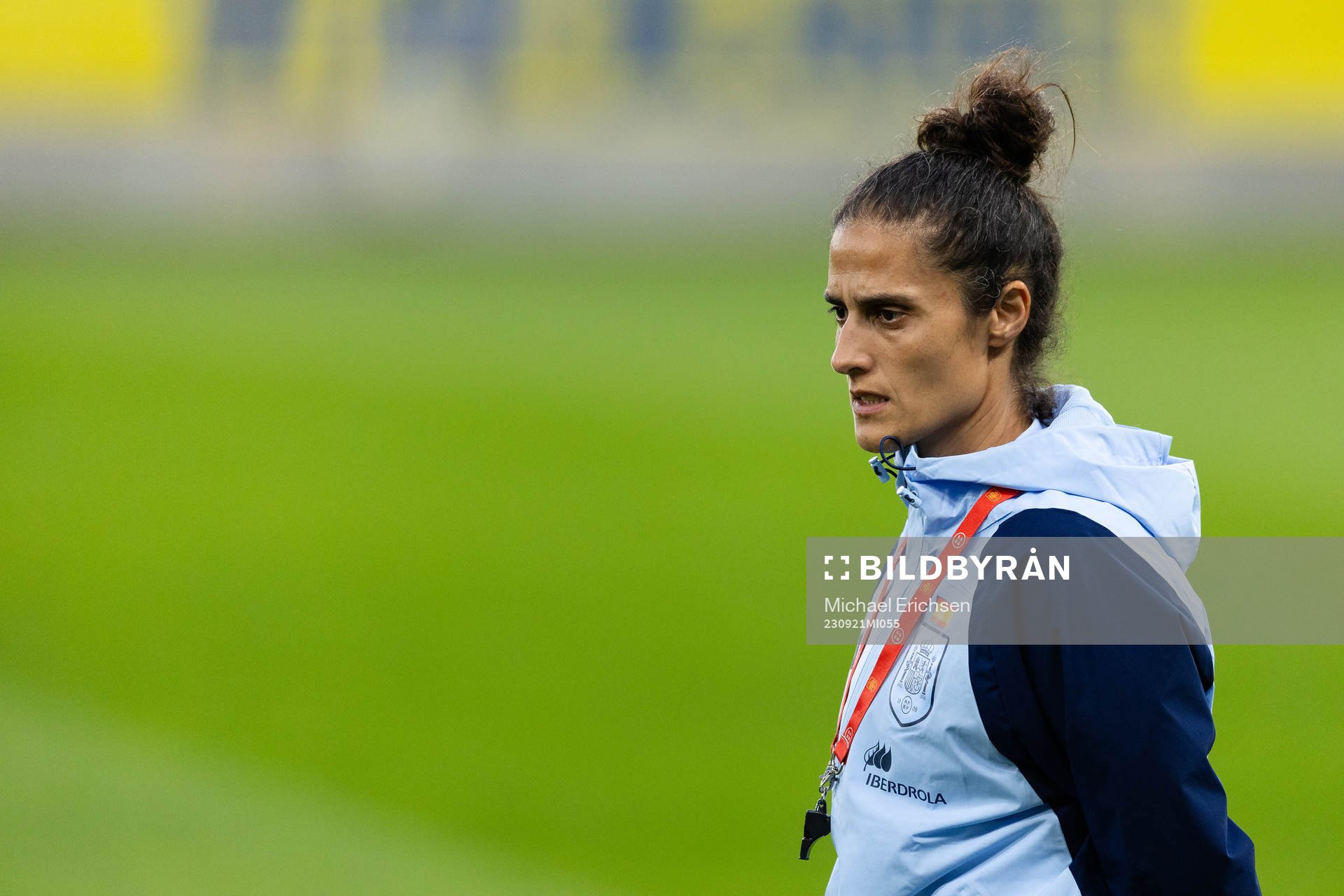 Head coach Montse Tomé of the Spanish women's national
- - -
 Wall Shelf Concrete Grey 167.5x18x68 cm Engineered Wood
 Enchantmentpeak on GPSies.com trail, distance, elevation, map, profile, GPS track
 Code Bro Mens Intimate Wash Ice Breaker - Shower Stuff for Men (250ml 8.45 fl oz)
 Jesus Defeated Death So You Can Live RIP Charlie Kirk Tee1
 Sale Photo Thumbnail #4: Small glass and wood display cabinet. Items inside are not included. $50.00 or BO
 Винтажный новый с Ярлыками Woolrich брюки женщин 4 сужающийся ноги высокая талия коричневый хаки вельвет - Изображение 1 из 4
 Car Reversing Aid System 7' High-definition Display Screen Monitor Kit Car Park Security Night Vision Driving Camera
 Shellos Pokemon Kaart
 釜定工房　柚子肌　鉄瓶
- - -
REQUIREMENT:
Every line above from the line with "Sale Photo Thumbnail" to the line with "釜定工房　柚子肌　鉄瓶", inclusive, must be returned exactly; no other line belongs in the reply.

REPLY:
 Sale Photo Thumbnail #4: Small glass and wood display cabinet. Items inside are not included. $50.00 or BO
 Винтажный новый с Ярлыками Woolrich брюки женщин 4 сужающийся ноги высокая талия коричневый хаки вельвет - Изображение 1 из 4
 Car Reversing Aid System 7' High-definition Display Screen Monitor Kit Car Park Security Night Vision Driving Camera
 Shellos Pokemon Kaart
 釜定工房　柚子肌　鉄瓶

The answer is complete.